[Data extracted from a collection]
--- START ---

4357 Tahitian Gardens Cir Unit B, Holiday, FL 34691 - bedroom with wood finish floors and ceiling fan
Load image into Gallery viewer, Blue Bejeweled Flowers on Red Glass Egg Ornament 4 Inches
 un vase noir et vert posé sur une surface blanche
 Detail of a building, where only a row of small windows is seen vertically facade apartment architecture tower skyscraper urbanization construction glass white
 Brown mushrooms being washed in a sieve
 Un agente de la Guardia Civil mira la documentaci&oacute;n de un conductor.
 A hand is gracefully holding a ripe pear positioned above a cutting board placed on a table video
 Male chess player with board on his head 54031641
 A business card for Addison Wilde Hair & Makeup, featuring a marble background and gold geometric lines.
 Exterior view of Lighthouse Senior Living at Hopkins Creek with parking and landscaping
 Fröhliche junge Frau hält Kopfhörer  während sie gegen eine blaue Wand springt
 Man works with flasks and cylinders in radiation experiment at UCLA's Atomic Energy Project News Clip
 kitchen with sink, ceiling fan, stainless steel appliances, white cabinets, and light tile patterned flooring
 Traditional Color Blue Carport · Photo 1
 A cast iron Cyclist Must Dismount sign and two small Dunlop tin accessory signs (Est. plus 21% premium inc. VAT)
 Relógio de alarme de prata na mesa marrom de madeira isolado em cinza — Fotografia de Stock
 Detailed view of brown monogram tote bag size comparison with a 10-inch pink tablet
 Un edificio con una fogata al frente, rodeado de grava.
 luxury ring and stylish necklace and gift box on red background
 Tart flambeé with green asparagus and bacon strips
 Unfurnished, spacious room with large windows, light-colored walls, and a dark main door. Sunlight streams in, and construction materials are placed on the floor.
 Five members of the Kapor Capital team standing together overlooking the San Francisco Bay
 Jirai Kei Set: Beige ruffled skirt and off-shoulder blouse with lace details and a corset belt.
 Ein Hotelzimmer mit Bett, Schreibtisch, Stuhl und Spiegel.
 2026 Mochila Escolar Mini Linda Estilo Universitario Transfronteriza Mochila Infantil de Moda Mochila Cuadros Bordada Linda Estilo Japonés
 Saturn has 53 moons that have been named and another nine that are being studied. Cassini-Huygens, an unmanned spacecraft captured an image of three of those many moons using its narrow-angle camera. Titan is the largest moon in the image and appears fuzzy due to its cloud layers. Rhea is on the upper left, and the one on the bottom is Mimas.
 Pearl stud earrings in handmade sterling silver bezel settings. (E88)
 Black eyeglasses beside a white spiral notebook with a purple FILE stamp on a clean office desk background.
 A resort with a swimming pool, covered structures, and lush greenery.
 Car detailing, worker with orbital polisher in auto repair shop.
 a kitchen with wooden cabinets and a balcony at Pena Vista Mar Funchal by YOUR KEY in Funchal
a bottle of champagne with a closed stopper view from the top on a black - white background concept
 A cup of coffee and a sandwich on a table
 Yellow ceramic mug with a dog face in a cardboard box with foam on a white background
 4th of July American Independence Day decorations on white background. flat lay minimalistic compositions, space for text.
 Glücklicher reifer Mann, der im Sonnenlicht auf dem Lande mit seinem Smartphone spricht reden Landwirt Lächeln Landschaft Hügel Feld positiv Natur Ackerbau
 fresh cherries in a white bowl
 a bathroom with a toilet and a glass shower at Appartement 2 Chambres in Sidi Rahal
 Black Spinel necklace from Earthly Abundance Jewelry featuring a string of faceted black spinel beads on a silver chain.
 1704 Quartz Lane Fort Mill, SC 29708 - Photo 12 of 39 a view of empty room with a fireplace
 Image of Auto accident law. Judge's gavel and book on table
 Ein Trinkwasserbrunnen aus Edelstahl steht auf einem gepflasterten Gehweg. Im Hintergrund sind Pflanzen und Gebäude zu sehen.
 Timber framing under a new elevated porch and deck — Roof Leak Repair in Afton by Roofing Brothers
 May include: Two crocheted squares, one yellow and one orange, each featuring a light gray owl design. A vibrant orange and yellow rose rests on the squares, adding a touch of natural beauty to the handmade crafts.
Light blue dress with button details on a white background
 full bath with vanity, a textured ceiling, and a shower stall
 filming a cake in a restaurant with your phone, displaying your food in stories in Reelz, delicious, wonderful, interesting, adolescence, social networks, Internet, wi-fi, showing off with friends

--- END ---

* **Requirement**
Your task is to restate, word for word, the lines from the beginning of the records to the line with "un vase noir", inclusive.

* **Expected answer**
4357 Tahitian Gardens Cir Unit B, Holiday, FL 34691 - bedroom with wood finish floors and ceiling fan
Load image into Gallery viewer, Blue Bejeweled Flowers on Red Glass Egg Ornament 4 Inches
 un vase noir et vert posé sur une surface blanche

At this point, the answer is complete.